# Input data:
- Opening Delimiter -
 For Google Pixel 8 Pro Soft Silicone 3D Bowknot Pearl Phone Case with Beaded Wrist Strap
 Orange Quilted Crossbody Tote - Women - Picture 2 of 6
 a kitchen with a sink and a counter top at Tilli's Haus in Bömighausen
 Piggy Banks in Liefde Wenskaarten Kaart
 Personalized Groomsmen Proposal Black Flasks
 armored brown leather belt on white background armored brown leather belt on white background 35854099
- Closing Delimiter -
- Opening Delimiter -
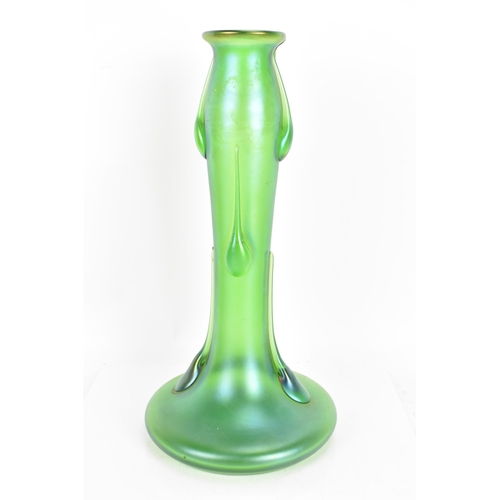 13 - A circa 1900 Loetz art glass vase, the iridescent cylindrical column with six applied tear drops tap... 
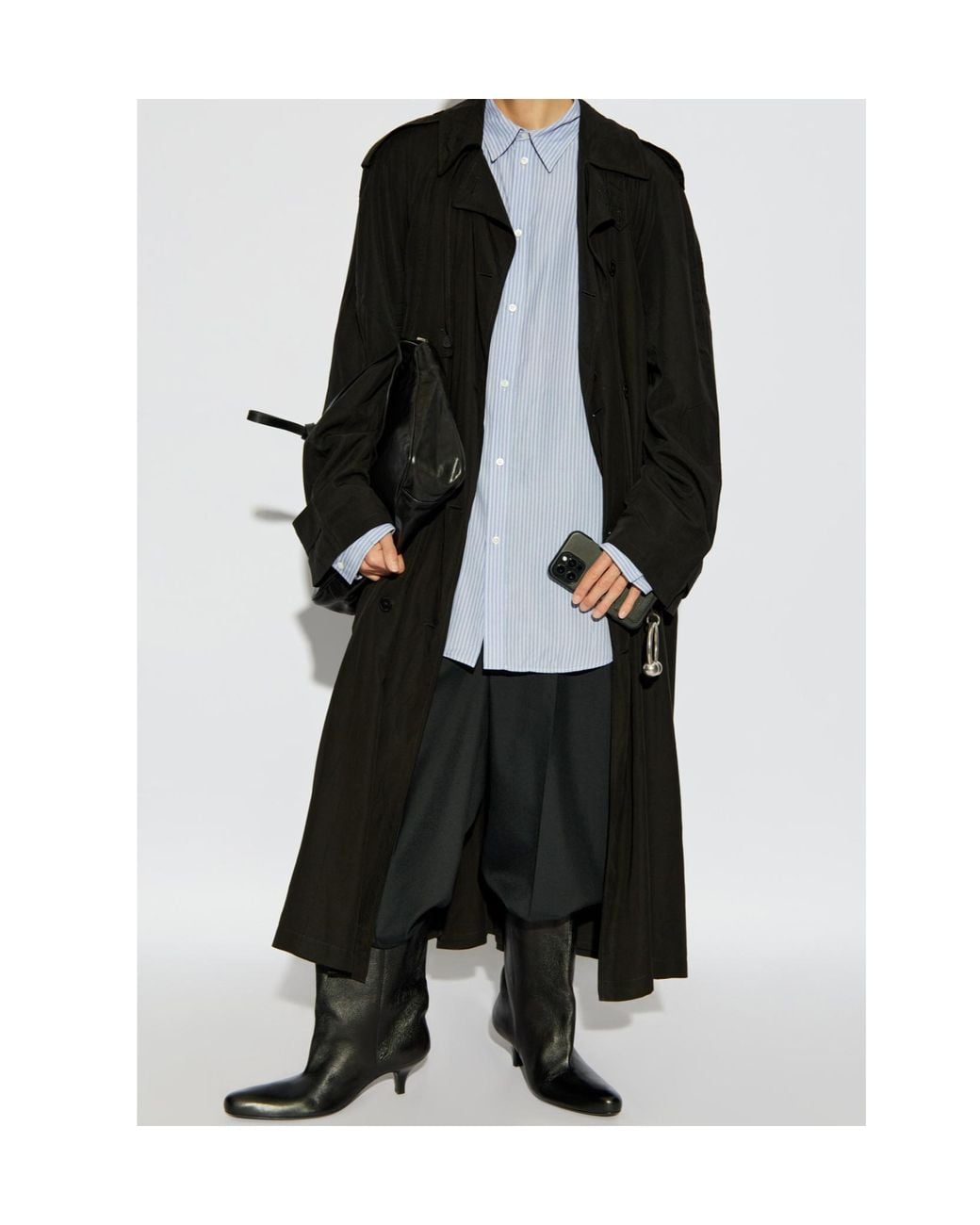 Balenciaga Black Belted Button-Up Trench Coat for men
- Closing Delimiter -
Above are some entries; copy exactly the lines from the line with "13 - A circa" through the line with "Balenciaga Black Belted", both included, but none of the pictures.

 13 - A circa 1900 Loetz art glass vase, the iridescent cylindrical column with six applied tear drops tap... 
 Balenciaga Black Belted Button-Up Trench Coat for men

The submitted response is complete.